HOW TO COMPLETE THIS TASK
Look below for the line with "Set Schwarz und". Retype it and every line after it to the end, exactly, but leave out the pictures.

Start of Block

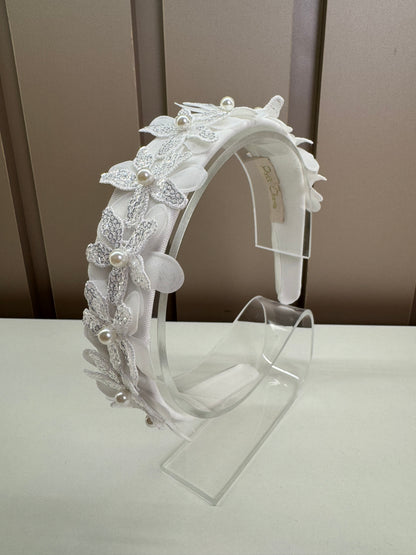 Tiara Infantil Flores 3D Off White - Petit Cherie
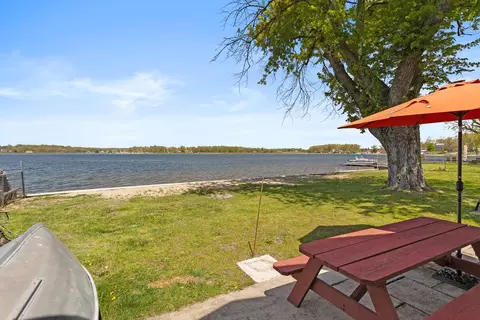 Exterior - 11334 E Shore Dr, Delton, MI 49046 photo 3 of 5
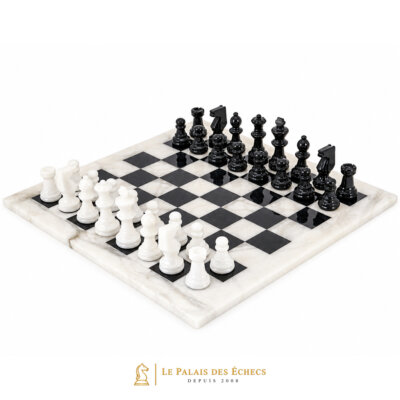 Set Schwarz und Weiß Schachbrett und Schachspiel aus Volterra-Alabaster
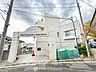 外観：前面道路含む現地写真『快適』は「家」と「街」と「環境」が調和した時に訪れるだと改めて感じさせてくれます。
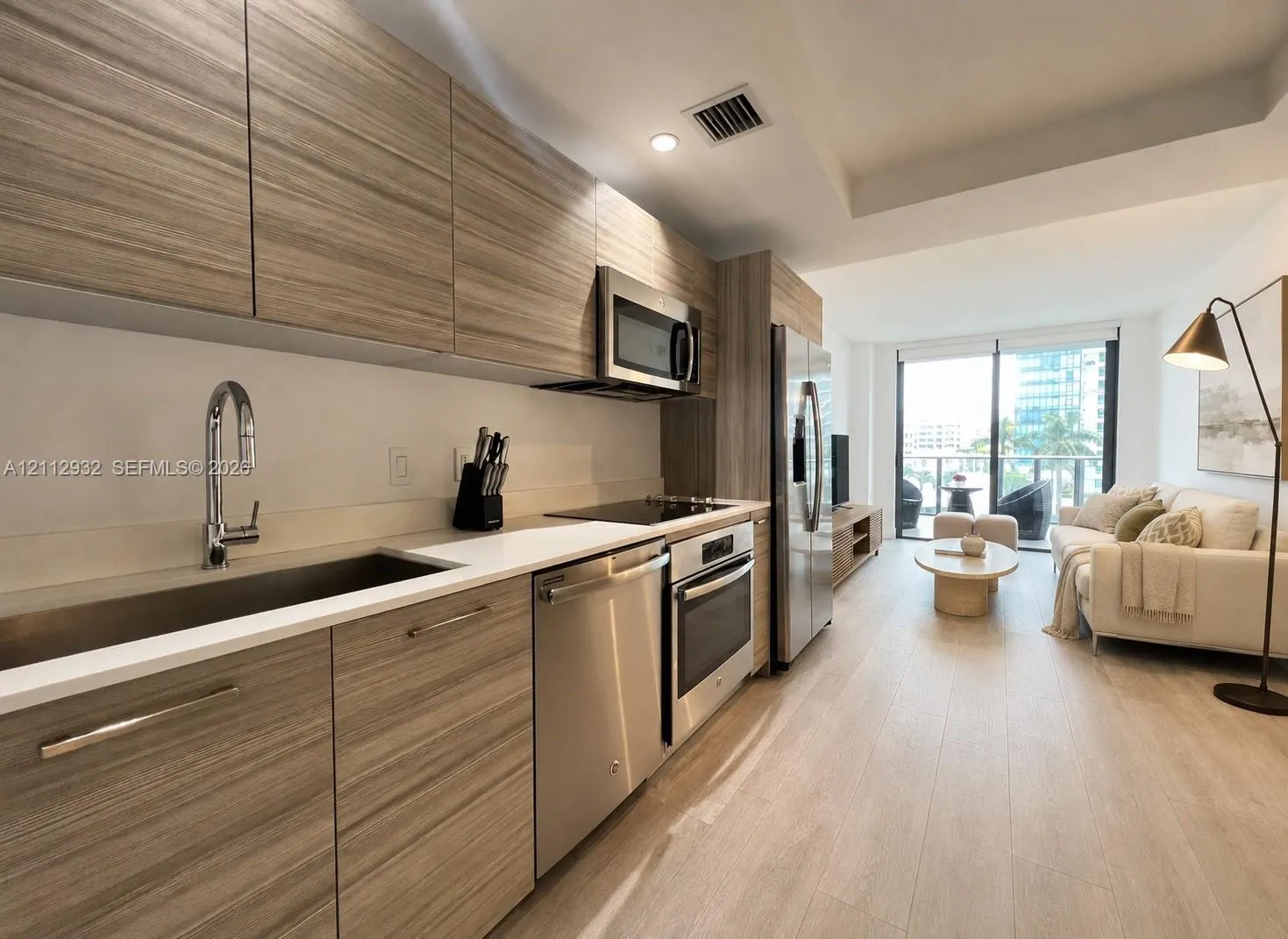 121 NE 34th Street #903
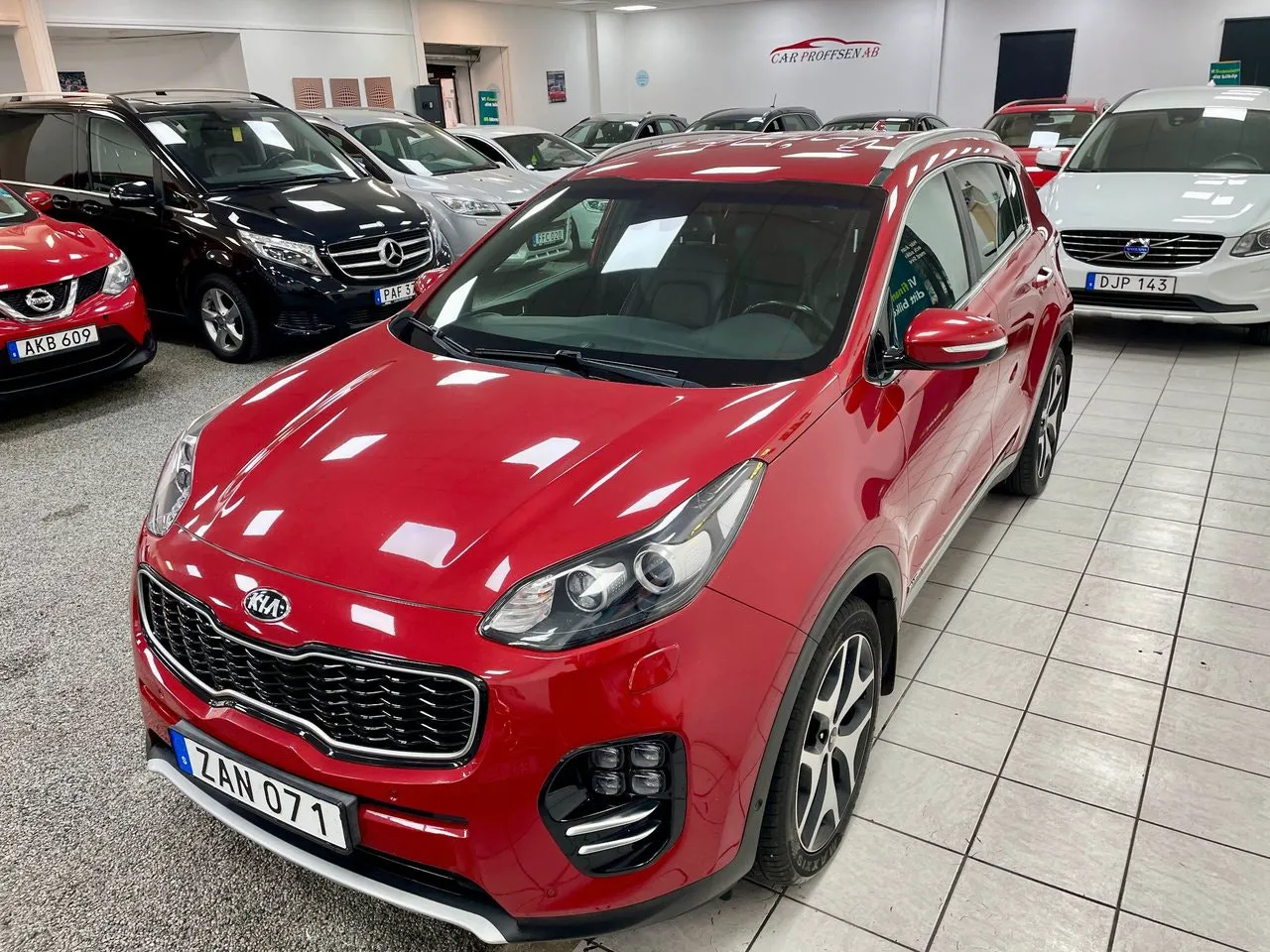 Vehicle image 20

End of Block

WRITTEN REPLY
 Set Schwarz und Weiß Schachbrett und Schachspiel aus Volterra-Alabaster
 外観：前面道路含む現地写真『快適』は「家」と「街」と「環境」が調和した時に訪れるだと改めて感じさせてくれます。
 121 NE 34th Street #903
 Vehicle image 20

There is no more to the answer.